Chemin des miracles en musique, de Vézelay à Compostelle
Cette 23ème édition des Rencontres Musicales de Vézelay met tout particulièrement à l’honneur la musique anglaise, et Vézelay (avec la Via Lemovicensis) étant de surcroît l'un des quatre points de départs principaux pour le Chemin de Compostelle, sa Basilique accueille comme une double évidence l’ensemble vocal anglais Tenebrae Choir dirigé par Nigel Short pour interpréter Path of Miracles (Le Chemin des miracles) du compositeur britannique né en 1971, Joby Talbot. Cette pièce pour 17 voix plonge l’auditeur dans l’expérience unique du pèlerin, chacun des quatre mouvements marquant les importantes étapes du dernier tronçon, le Camino Frances (Roncesvalles et le récit du martyr Jacques, Burgos étape charnière, León et la lumière baignant sa cathédrale, avant la joie débordante d'arriver à Santiago de Compostela).
Joby Talbot, plus connu pour son travail dans la pop (résonnant tout à fait avec cette édition de Vézelay, dans le vent) ou la musique de film, rappelle ici sa grande connaissance de la voix, avec une palette de timbres et de techniques particulièrement riche, le tout dans le cadre d'une écriture fort aboutie.

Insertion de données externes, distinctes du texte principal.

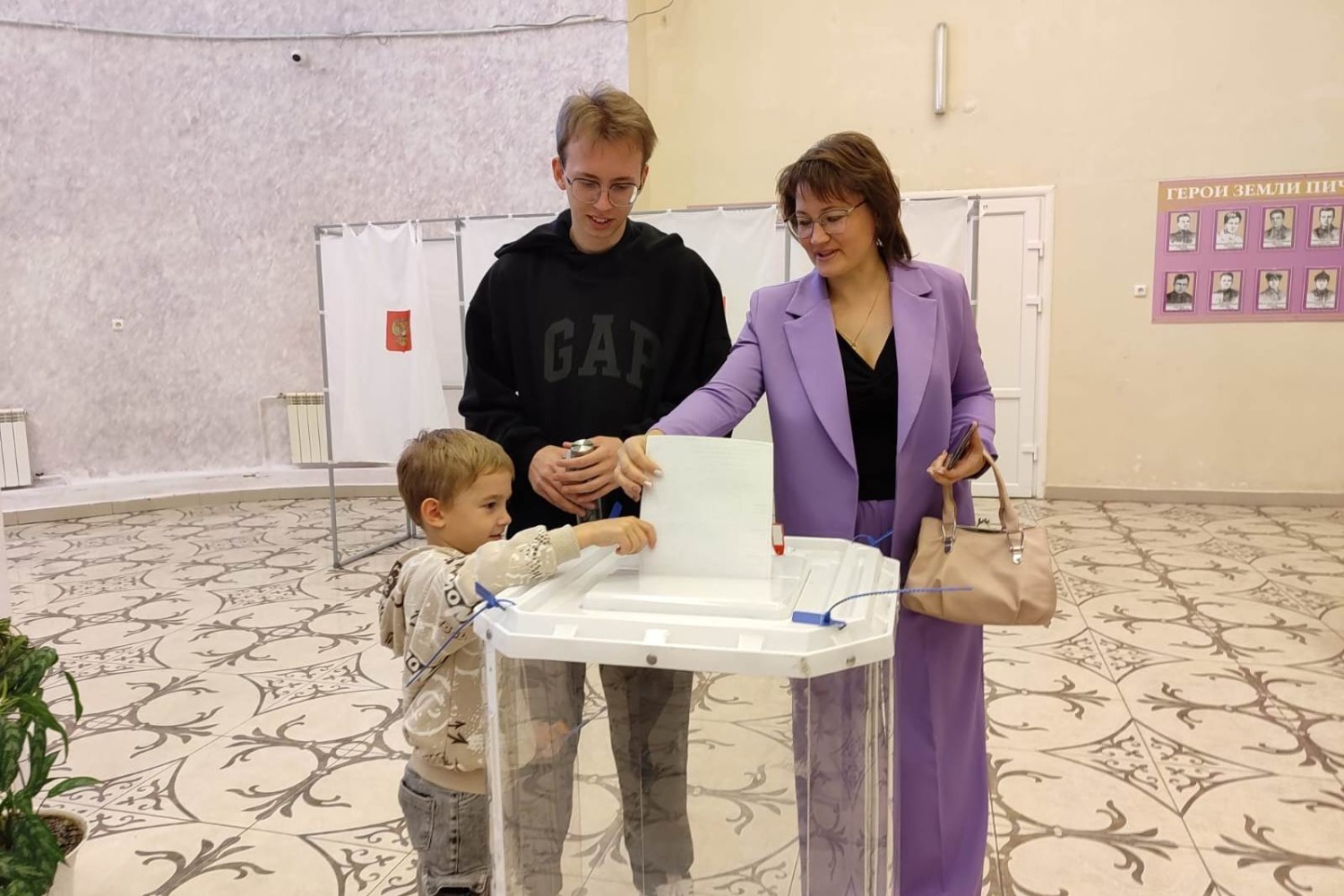 Елена Пенькова с детьми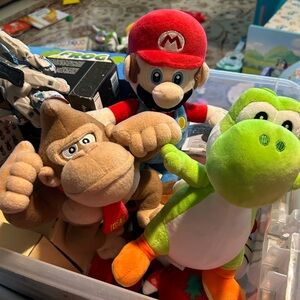 Super Mario Bros. Plush Toy Set 3- Donkey Kong & Yoshi stuffed animals Nintendo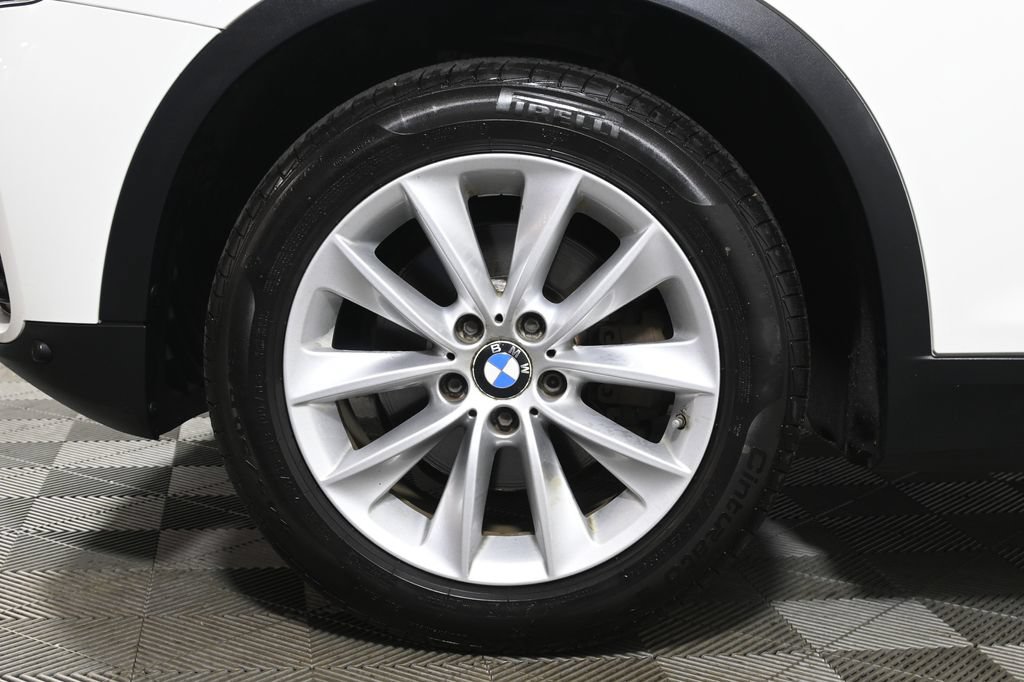 Used 2017 BMW X3 xDrive28i AWD/4WD image 12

La structure de son œuvre s'affirme tout en évoluant pour accompagner l'auditeur-pèlerin sur le chemin de motifs inspirés, exposés puis transformés progressivement par des procédés de répétition ou d’enrichissement rythmique ou harmonique. Ce travail et sa richesse frappent dès l’ouverture : les hommes réunis en cercle sur la scène utilisent le Pasibutbut, pratique vocale d’une tribu aborigène taïwanaise, faisant mystique de la richesse sonore et harmonique. A l’image de la marche longue et souvent éprouvante, la répétition lancinante se fait figurale, voire hypnotisante, jusqu’à devenir plénitude dans le tout dernier mouvement.
Le Tenebrae Choir profite pleinement des résonances de la Basilique Sainte-Marie-Madeleine avec de nombreux passages spatialisés. Qu’ils aillent derrière le public ou en procession, leur précision reste identique, le son riche même dans les attaques. Les polyrythmies sont limpides, la justesse parfaite (seulement aidée par quelques rares coups de clochettes, dans cette partition aux couleurs aussi puissantes que redoutables). L’harmonie se fait ainsi véritablement texture, matière émotionnelle presque palpable, jusque dans le long silence qui clôt l’œuvre.
La Basilique reste emplie de cette musique, les cœurs des auditeurs festivaliers emplis d'émotions leur inspirent une acclamation debout et enthousiaste.